Stored data:
· · · · ·

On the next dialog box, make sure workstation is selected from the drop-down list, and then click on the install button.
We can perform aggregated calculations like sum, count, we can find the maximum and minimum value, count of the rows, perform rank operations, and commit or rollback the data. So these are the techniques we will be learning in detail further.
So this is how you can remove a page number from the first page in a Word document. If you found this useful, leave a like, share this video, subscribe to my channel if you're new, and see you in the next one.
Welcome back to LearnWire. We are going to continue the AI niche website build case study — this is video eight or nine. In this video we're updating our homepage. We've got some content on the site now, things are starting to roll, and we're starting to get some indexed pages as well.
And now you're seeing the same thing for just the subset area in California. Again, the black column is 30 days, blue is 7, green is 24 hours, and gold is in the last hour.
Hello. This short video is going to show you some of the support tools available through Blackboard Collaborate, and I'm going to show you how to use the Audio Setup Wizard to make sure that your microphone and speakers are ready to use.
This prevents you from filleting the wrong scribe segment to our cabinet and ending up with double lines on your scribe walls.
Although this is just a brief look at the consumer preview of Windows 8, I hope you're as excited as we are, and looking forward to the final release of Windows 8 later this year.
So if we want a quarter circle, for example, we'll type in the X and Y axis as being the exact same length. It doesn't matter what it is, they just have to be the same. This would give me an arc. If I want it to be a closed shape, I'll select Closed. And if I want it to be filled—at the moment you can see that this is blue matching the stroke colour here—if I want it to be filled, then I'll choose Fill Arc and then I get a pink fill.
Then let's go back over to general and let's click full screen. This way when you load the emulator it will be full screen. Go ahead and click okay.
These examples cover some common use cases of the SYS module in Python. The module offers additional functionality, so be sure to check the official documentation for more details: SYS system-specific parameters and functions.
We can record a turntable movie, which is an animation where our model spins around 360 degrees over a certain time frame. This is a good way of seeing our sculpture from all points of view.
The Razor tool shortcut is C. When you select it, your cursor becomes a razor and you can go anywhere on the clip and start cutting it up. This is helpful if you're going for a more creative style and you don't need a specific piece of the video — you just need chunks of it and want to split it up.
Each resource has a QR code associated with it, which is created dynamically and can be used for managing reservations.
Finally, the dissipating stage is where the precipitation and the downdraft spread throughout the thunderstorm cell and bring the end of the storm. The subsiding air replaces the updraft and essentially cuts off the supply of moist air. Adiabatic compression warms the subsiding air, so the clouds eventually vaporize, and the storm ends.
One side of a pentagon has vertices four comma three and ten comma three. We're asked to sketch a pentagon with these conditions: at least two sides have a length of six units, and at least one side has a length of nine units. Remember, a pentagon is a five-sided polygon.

· · · · ·

DESCRIPTION OF THE TASK:
Go through the lines above and count those that include "nine"; give the total and nothing more.

YOUR RESPONSE:
2